Now that Lori has her new HP TouchSmart for an upcoming holiday gift, we are finally digitizing our DVD collection. You would think that since our tastes are somewhat similar, we’d be good to go with a relatively small number of DVDs… We’re not. I’m a huge fan of well-done war movies and documentaries, we share history and fantasy interests, and she likes a pretty eclectic list of pop-culture movies, so the pile is pretty big. I’m working out how to store them all on the NAS such that we can play them on any TV on the network, and that got me to pondering the nature of storage access these days. We own a SAN, it never occurred to me to put these shows on it – that would limit access to those devices with an FC card… Or we’d end up creating a share to run them all through one machine with an FC card as a NAS head of sorts.
In the long litany of different ways that we store things – direct attached or networked, cloud or WAN, Object store or hierarchical – the one that stands out as the most glaring, and the one that has traditionally gotten the most attention is file versus block. For at least a decade the argument has raged between which is more suited to enterprise use, while most of us have watched from the sidelines and been somewhat bemused by the conversation because the enterprise is using both. As a rule of thumb, if you need to boot from it or write sectors of data to it, you need block. Everything else is generally file.
And that’s where I’m starting to wonder. I know there was a movement not too many years ago to make databases file based instead of block based, and that the big vendors were going in that direction, but I do wonder if maybe it’s time for block to retire at the OS level. Of course for old disks to be compatible, the OS would still have to handle block, but setting it to only allow OS-level calls (I know, it’s harder with each release, that’s death by a thousand cuts though) to read/write sectors would resolve much of the problem. Then a VMWare style boot-from-file-structure would resolve the last bit. Soon we could cut our file protocols in half. Seriously, at this point in time, what does block give us? Not much, actually. thin/auto provisioning is available on NAS, high-end performance tweaks are available on NAS, and the extensive secondary network (be it FC or IP) is not necessary for NAS, though there are some cases where throughput may demand it, those are not your everyday case in a world of 1 Gig networks with multi-Gig backplanes on most devices. And 10 Gig is available pretty readily these days.

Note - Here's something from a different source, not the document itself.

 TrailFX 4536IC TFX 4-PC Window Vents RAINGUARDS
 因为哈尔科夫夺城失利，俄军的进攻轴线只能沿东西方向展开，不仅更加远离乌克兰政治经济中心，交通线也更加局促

SAN has been slowly dying, I’m just pondering the question of whether it should be finished off. Seriously, people say “SAN is the only thing for high-performance!” but I can guarantee you that I can find plenty of NAS boxes that perform better than plenty of SAN networks – just a question of vendor and connectivity. I’m a big fan of iSCSI, but am no longer sure there’s a need for it out there.
Our storage environment, as I’ve blogged before, has become horribly complex, with choices at every turn, many of which are more tied to vendor and profits than needs and customer desires. Strip away the marketing and I wonder if SAN has a use in the future of enterprise. I’m starting to think not, but I won’t declare it dead, as I am still laughing at those who declared tape dead for the last 20 years – and still are, regardless of what tape vendors’ sales look like. It would be hypocritical of me to laugh at them and make the same type of pronouncement. SAN will be dead when customers stop buying it, not before. Block will end when vendors stop supporting it, not before… So I really am just pondering the state of the market, playing devil’s advocate a bit.
I have heard people proclaim that block is much faster for database access. I have written and optimized B-Tree code, and yeah, it is. But that’s because we write databases to work on blocks. If we used a different mechanism, we’d get a different result. It is no trivial thing to move to a different storage method, but if the DB already supports file access, the work is half done, only optimizing for the new method or introducing shims to make chunks of files look like blocks would be required.
If you think about it, if your DB is running in a VM, this is already essentially the case. The VM is in a file, the DB is in that file… So though the DB might think it’s directly accessing disk blocks, it is not. Food for thought.